→ Exercise instructions
Pull out every line of the listing below where "Light" appears.

→ Material for the task

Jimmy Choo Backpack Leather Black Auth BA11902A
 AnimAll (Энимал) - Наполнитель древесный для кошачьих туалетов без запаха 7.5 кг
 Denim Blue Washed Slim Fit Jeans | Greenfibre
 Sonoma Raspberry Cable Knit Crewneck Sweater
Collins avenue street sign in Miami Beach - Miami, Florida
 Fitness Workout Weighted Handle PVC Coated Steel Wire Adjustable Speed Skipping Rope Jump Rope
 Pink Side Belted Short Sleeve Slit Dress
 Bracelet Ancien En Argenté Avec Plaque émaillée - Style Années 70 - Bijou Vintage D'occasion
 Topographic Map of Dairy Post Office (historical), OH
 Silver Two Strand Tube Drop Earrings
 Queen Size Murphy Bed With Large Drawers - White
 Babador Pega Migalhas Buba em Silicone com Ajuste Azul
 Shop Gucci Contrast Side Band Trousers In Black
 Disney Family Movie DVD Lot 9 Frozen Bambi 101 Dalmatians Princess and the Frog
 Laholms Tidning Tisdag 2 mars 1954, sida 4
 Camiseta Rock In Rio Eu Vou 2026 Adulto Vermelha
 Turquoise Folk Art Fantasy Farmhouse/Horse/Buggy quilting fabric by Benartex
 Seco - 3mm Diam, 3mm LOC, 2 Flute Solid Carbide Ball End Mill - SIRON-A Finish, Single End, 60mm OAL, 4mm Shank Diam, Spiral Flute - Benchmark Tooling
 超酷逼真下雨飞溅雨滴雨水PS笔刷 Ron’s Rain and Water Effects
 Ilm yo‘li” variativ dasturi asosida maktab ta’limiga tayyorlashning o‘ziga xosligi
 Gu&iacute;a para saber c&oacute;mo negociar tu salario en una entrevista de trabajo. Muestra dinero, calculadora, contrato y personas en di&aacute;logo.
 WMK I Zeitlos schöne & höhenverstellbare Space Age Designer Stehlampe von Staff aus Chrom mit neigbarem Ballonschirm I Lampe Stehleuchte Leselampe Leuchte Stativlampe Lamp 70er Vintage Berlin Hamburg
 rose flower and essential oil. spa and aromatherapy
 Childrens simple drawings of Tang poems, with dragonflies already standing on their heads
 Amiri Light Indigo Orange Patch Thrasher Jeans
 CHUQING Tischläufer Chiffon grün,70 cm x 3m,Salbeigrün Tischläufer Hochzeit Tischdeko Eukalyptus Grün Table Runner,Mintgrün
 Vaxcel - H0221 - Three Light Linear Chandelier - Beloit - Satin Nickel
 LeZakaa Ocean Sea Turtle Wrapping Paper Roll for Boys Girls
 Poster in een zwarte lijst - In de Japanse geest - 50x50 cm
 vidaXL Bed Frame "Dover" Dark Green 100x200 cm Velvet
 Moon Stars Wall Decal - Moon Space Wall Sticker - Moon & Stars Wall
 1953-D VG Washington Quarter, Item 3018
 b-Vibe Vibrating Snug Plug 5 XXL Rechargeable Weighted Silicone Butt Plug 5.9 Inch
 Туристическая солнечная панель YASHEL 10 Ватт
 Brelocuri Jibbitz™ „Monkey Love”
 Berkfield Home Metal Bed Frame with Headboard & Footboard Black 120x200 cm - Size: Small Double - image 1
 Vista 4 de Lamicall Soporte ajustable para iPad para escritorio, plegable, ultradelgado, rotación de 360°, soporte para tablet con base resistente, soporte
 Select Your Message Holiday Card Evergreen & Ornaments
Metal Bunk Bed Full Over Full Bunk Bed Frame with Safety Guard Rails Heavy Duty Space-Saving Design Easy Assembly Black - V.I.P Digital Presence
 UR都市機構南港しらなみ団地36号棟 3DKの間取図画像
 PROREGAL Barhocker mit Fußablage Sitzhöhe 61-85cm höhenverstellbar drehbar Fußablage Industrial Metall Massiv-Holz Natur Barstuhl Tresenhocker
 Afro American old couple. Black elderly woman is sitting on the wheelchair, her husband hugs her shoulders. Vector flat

→ Solution below
 Amiri Light Indigo Orange Patch Thrasher Jeans
 Vaxcel - H0221 - Three Light Linear Chandelier - Beloit - Satin Nickel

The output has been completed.